### Brief descriptive captions
- Opening Delimiter -

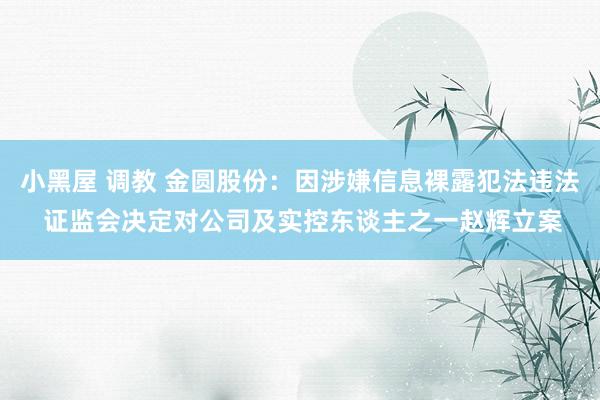 小黑屋 调教 金圆股份：因涉嫌信息裸露犯法违法 证监会决定对公司及实控东谈主之一赵辉立案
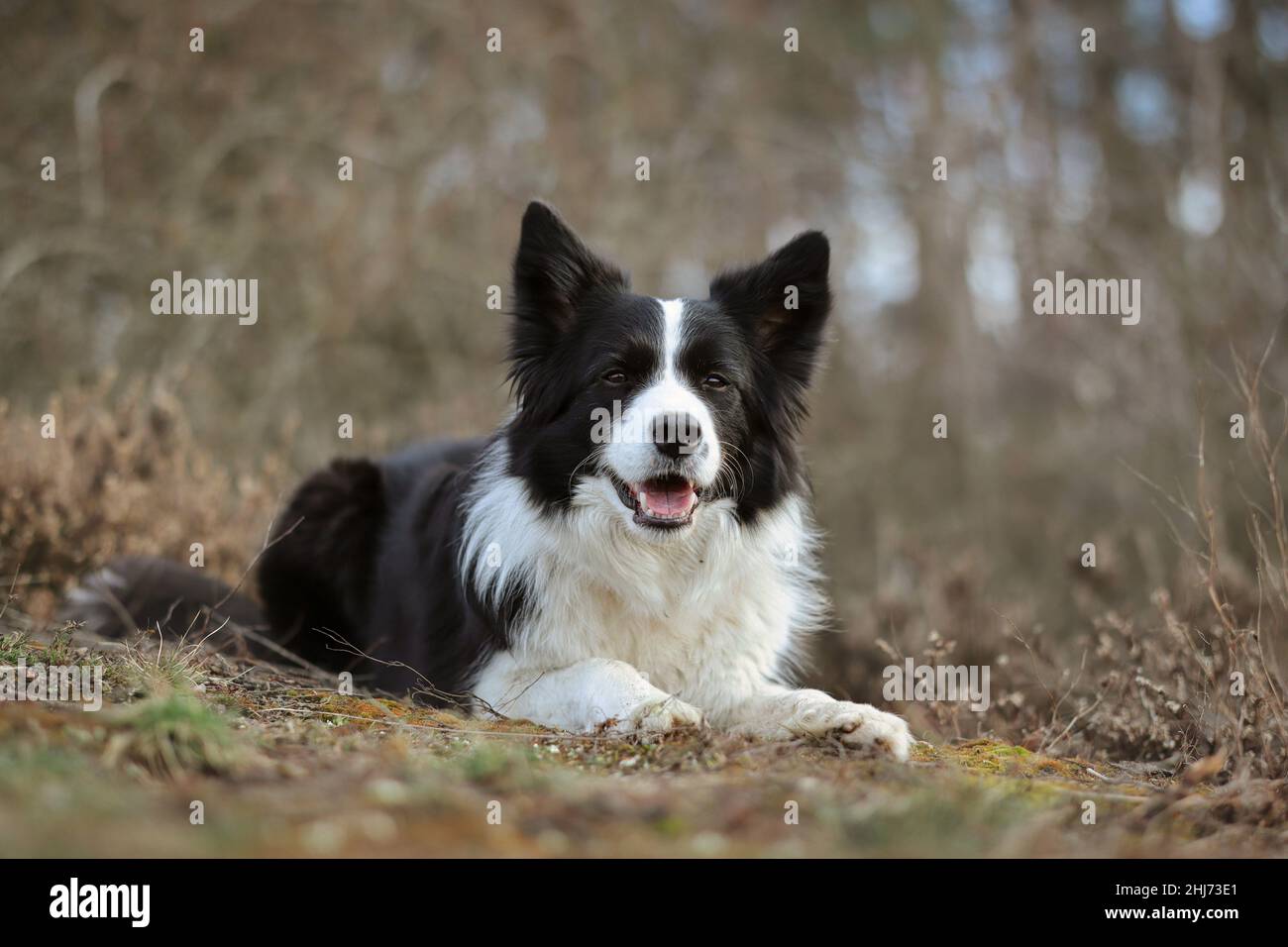 Smiling Border Collie liegt auf dem Boden in der Natur. Fröhlicher schwarzer und weißer Hund im Freien. Stockfoto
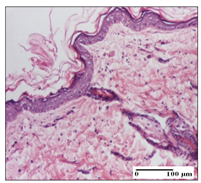 Pharmaceuticals 14 01146 i052 Pharmaceuticals 14 01146 i052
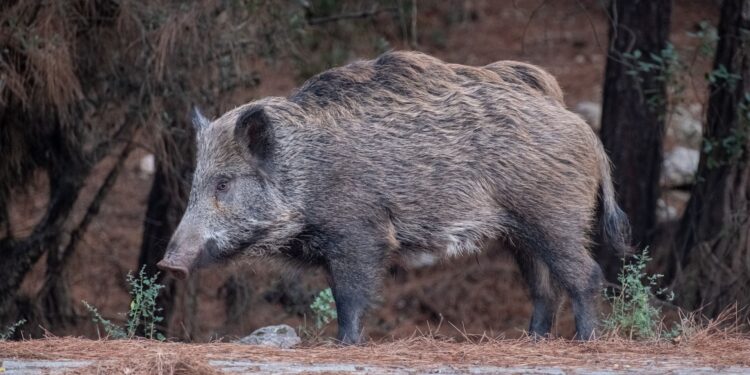 Após 10 anos, javali de quase 300kg que aterrorizava região foi capturado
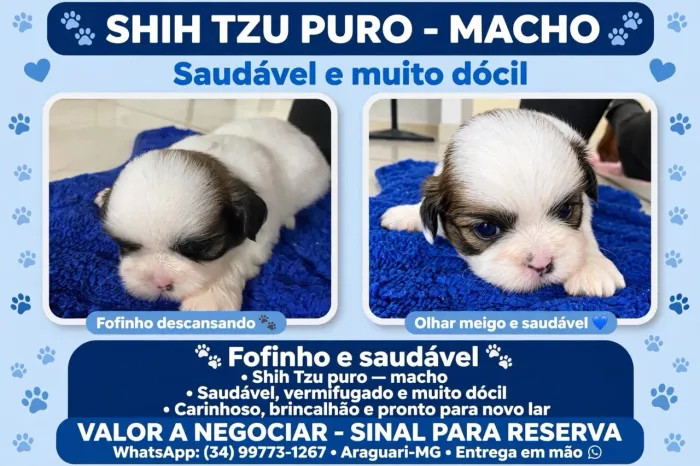 Vende se filhotes shitszu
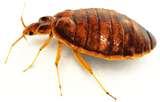 pictures of Bed Bugs Pullman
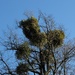 mistletoe growing in balls high up on a tree by quietpurplehaze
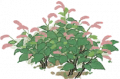 红蓼2.png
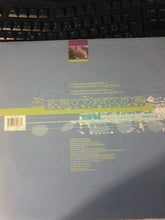 Load image into Gallery viewer, Dreadzone : Captain Dread (12")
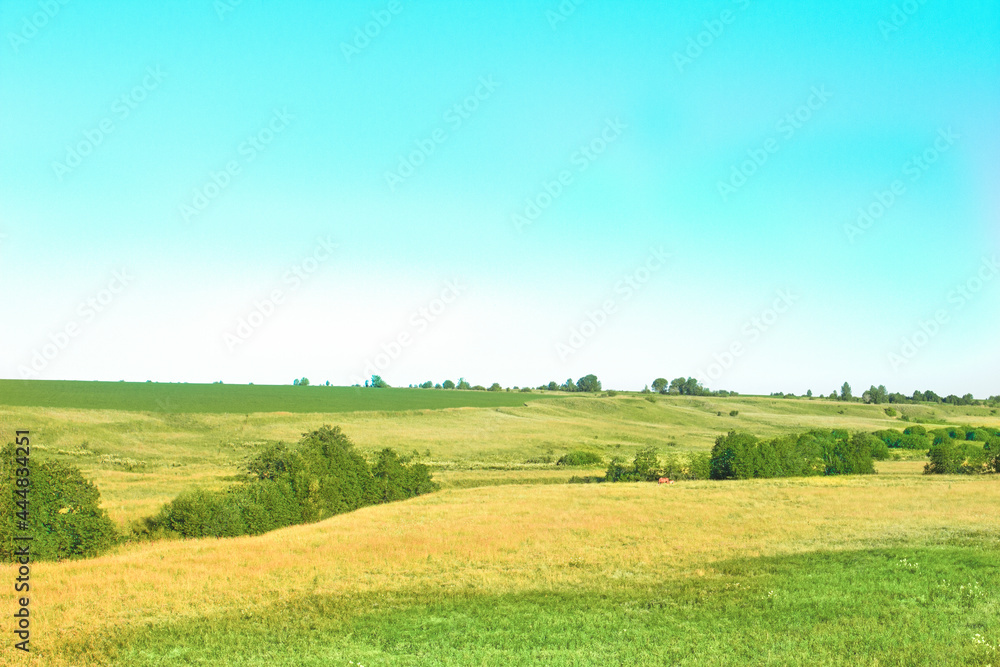 a rustic summer field with a clear blue sky. Horses are visible in the distance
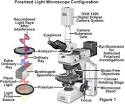 The polarized light <b>microscope</b>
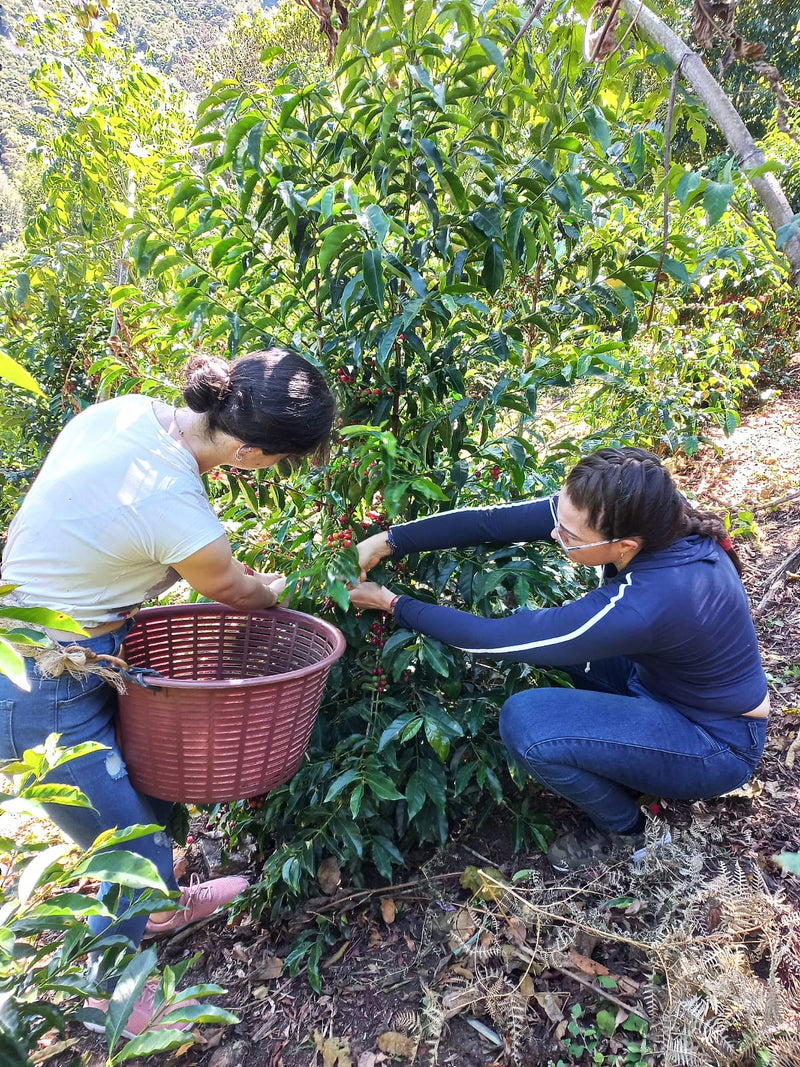 Costa Rica West Valley Monserrath Chinchilla Natural Esperanza - 36761 - GrainPro Bags - SPOT SHANGHAI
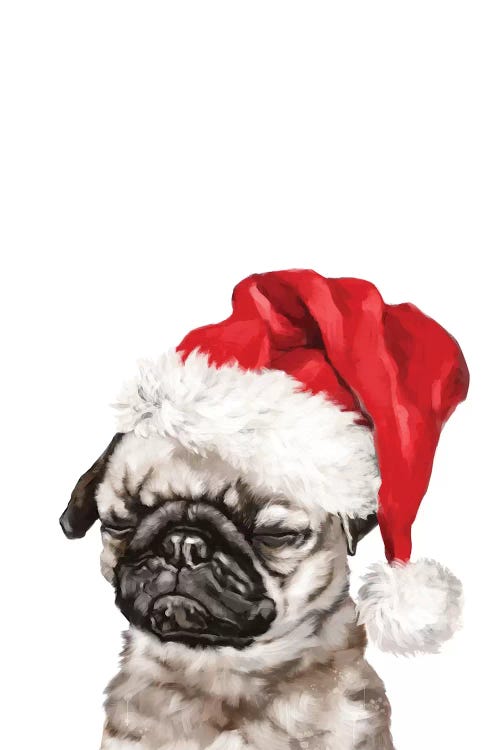 Christmas Meditation Pug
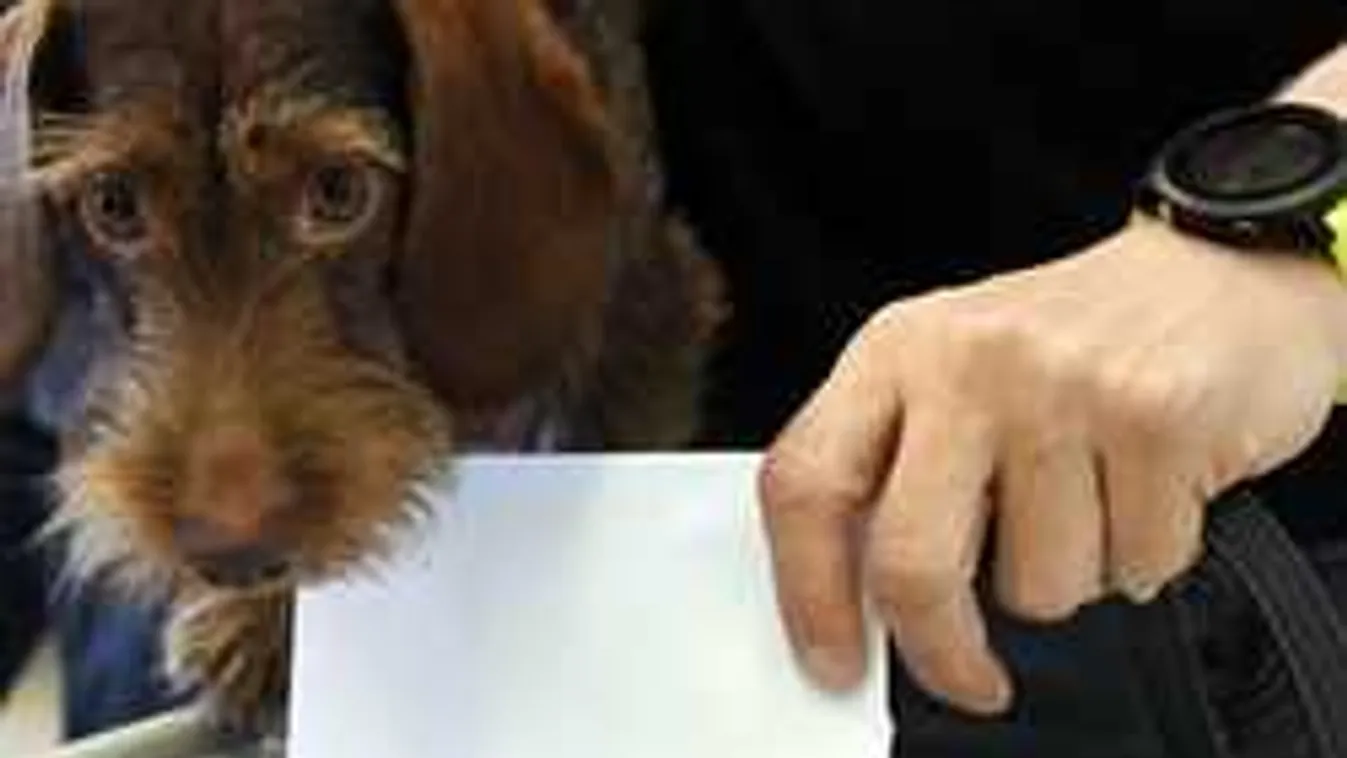 Nyitnak a szavazóhelyiségek: az első szavazó jelenlétében zárják le az urnát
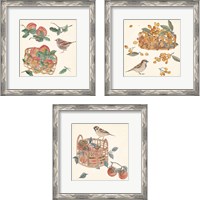 Framed 'Basket with Fruit3 Piece Framed Art Print Set' border=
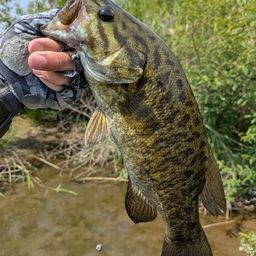 スモールマウスバス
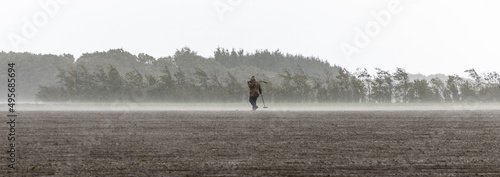 Panoramic shot of detectorists looking for ancient metal on the fields in Denmark photo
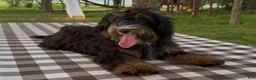 Mini Bernedoodle dogs for sale: Raphael - Ad 1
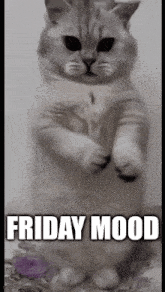 Friday End Of The Week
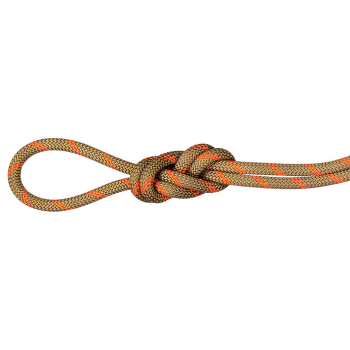 Lano Mammut 8.0 Alpine Dry Rope Boa-safety orange 11240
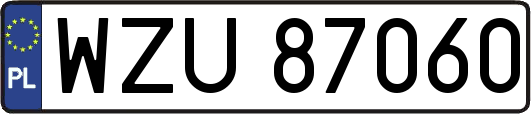 WZU87060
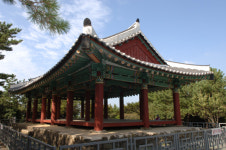 [新택리지]절경을 품은 철새의 고장, 부산 사하구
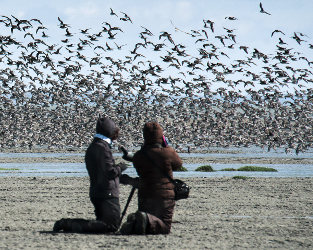 From the Field: Shorebird Research at Bahia Lomas, Chile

- Closing Delimiter -

### Task prompt
Pictures are to be omitted. The lines from the line holding "Friday End Of The Week" through the closing line of the data above are to be set down exactly, and nothing more.

### Exercise output
 Friday End Of The Week
 Lano Mammut 8.0 Alpine Dry Rope Boa-safety orange 11240
 WZU87060
 [新택리지]절경을 품은 철새의 고장, 부산 사하구
 From the Field: Shorebird Research at Bahia Lomas, Chile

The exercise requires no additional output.